SCORE-AI achieved diagnostic performance equal to human experts in an EEG dataset independent of the development dataset, in a geographically distinct patient population, recorded with different equipment and technical settings than the development dataset.

Abstract Image

查看原文本刊更多论文

人工智能脑电图解读的通用性：外部验证研究。

目的：利用人工智能（AI）对临床脑电图（EEG）进行自动解读，有可能缩小资源有限环境下的治疗差距，并减轻专科中心的工作量。然而，为了促进广泛的临床应用，必须在不同的患者群体和设备之间建立通用性。我们评估了当 SCORE-AI 应用于不同地理位置的患者群体，并使用不同的脑电图设备和技术设置进行记录时，其诊断准确性是否可与专家相媲美：我们使用独立的数据集和外部金标准评估了 "固定和冷冻 "人工智能模型的诊断准确性，并将其与对所有其他数据保密的三位专家进行比较。数据集包括 50% 的正常常规脑电图和 50% 的异常常规脑电图，在四大类脑电图异常（局灶性癫痫样、泛发性癫痫样、局灶性非癫痫样和弥漫性非癫痫样）中平均分配。为了评估诊断的准确性，我们对照外部金标准计算了人工智能模型和专家的敏感性、特异性和准确性：我们分析了 104 名患者（64 名女性，中位年龄 = 38.6 [范围 = 16-91] 岁）的脑电图。
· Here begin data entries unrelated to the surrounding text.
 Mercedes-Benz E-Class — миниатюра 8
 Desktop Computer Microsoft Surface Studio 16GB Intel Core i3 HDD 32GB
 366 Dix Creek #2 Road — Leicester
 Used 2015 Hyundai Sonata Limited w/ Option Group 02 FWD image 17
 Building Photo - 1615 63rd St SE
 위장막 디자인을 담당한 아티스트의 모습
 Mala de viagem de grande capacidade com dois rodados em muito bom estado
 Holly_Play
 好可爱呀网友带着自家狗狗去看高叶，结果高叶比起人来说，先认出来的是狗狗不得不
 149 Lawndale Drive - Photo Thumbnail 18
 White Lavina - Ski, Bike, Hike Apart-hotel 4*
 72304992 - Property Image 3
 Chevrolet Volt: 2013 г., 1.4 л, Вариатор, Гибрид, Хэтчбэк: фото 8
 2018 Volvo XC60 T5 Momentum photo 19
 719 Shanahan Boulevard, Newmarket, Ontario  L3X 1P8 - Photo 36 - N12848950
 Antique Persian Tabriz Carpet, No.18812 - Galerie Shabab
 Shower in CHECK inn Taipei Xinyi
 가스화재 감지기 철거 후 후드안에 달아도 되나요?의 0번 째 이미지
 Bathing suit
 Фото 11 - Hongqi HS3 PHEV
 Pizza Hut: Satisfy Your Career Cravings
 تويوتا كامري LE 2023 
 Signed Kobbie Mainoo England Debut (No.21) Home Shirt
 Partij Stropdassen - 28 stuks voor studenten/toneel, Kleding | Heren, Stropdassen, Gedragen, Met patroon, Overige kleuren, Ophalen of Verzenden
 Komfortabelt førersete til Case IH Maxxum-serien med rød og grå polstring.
与专家相比，SCORE-AI 的表现同样出色，总体准确率为 92%（95% 置信区间 [CI] = 90%-94%），而专家为 94%（95% 置信区间 = 92%-96%）。在任何指标或类别上，SCORE-AI 与专家之间均无明显差异。SCORE-AI 在独立于警觉状态（清醒时错误分类：5/41 [12.2%]，睡眠时错误分类：2/11 [18.2%]；p = .63）和正常变异（存在正常变异时错误分类：4/14 [28.6%]，睡眠时错误分类：2/11 [18.2%]；p = .63）的情况下表现良好：4/14[28.6%]，无正常变体时的错误分类：3/38[7.9%]；P = .07）：SCORE-AI在一个独立于开发数据集的脑电图数据集上实现了与人类专家同等的诊断性能，该数据集的患者群体地理位置不同，使用的设备和技术设置也与开发数据集不同。

本文章由计算机程序翻译，如有差异，请以英文原文为准。

求助全文

约1分钟内获得全文求助全文

来源期刊

Epilepsia 医学-临床神经学

CiteScore

10.90

自引率

10.70%

发文量

319

审稿时长

2-4 weeks

期刊介绍： Epilepsia is the leading, authoritative source for innovative clinical and basic science research for all aspects of epilepsy and seizures. In addition, Epilepsia publishes critical reviews, opinion pieces, and guidelines that foster understanding and aim to improve the diagnosis and treatment of people with seizures and epilepsy.